If you use an environment variable (sorry, my documentation isn't in front of me) to set the gslice allocator to always malloc, then the problem doesn't appear.  I suspect that in shared library situations, this may be the norm.

How to repeat:
Compile mysql proxy, statically linking against glib 2.16.6.
Run mysql proxy

Suggested fix:
Call the gthread initialization function before calling any other gthread functions, as documented in glib-2.0 documentation.
[10 Nov 2009 13:31] Kay Roepke
Did you really statically link to glib?
Did configure properly detect libgthread.so?

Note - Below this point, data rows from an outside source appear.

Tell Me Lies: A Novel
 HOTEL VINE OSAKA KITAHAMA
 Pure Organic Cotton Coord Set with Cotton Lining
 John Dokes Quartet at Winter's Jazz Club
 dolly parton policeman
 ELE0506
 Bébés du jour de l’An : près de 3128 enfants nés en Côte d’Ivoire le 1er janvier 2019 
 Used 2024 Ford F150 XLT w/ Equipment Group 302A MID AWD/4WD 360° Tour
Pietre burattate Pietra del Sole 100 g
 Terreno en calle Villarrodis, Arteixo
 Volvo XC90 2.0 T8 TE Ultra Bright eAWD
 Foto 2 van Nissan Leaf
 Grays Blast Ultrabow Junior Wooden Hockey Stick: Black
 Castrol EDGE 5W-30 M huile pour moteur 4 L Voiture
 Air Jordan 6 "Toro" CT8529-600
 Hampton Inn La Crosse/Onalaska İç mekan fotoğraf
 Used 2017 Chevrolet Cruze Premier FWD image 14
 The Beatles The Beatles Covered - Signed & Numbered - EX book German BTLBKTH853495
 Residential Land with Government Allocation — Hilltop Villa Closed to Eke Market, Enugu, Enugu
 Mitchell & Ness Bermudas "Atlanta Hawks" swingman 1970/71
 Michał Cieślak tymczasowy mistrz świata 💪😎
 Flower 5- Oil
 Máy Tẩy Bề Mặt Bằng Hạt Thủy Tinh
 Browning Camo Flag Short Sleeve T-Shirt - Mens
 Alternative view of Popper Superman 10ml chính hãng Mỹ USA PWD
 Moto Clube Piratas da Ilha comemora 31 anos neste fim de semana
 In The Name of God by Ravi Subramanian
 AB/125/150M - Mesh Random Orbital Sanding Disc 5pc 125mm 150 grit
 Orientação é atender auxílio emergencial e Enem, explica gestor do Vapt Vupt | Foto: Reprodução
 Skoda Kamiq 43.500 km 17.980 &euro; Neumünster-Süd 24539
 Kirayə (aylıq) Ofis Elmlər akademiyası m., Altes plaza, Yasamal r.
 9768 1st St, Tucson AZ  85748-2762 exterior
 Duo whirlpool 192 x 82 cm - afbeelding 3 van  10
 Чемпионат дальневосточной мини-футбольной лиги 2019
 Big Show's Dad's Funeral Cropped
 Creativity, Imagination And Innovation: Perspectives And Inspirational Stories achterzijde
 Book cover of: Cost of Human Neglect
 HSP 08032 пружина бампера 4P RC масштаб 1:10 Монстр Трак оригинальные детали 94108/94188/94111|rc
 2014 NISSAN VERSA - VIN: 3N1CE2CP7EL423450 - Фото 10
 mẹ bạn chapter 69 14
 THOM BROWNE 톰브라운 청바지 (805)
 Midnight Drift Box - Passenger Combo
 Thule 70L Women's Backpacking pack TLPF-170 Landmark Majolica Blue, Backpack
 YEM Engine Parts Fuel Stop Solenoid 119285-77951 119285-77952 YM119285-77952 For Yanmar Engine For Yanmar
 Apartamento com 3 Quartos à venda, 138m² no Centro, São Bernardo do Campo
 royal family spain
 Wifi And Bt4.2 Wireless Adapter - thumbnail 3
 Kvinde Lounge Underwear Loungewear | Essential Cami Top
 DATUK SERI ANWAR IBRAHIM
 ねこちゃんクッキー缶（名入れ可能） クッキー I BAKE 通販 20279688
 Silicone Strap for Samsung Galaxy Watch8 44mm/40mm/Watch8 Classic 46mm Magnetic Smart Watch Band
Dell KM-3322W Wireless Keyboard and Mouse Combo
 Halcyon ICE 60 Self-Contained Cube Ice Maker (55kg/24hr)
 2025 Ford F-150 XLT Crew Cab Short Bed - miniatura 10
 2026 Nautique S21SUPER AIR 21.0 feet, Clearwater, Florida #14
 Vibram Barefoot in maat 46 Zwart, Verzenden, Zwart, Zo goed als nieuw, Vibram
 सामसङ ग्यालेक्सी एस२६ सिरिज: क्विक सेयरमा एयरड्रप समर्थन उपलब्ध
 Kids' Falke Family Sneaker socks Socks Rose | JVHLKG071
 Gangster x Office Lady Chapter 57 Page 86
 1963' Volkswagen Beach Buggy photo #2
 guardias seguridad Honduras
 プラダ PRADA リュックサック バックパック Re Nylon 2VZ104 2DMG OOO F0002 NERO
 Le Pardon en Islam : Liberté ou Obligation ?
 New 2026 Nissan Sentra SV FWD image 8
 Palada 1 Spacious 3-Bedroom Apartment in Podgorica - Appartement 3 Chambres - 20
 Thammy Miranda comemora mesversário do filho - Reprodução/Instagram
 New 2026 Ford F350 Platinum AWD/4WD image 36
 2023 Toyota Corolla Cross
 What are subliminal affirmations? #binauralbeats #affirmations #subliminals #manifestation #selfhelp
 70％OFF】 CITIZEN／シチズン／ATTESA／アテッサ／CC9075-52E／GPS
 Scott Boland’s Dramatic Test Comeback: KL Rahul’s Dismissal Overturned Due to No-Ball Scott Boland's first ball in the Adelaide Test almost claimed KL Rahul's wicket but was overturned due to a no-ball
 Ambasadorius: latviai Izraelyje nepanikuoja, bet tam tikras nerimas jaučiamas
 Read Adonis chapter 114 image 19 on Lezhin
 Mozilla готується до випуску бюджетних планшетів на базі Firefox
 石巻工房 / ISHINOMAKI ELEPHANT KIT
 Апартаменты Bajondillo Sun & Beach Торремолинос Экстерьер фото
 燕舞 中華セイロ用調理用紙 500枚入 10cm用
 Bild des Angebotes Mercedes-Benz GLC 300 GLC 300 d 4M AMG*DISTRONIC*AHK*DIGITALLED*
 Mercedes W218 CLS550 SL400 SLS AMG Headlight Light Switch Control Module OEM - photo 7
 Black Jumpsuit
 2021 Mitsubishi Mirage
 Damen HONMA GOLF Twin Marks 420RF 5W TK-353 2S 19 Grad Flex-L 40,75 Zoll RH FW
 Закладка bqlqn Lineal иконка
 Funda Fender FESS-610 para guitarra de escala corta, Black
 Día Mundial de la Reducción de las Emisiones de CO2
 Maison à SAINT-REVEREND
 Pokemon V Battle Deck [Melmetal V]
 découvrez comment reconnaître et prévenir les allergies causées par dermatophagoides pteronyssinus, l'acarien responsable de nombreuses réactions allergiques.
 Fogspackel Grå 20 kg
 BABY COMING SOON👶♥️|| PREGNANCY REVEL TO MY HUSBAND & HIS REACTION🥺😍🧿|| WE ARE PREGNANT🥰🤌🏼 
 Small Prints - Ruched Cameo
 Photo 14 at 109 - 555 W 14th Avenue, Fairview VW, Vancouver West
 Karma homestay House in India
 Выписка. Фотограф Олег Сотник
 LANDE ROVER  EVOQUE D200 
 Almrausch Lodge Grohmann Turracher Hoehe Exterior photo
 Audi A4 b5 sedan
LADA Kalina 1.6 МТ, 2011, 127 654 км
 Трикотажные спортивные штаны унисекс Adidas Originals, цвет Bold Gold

The code should contain the correct g_thread_init() call before doing anything multithreaded, but IIRC that is only enabled if you build with libgthread (which is required for the soon to be released 0.8 release anyway, because that is using threads internally).
[10 Nov 2009 14:57] Hrunting Johnson
Yes, it is really statically linked to glib.  I'll double-check that mysql-proxy detected gthread capabilities at configure time.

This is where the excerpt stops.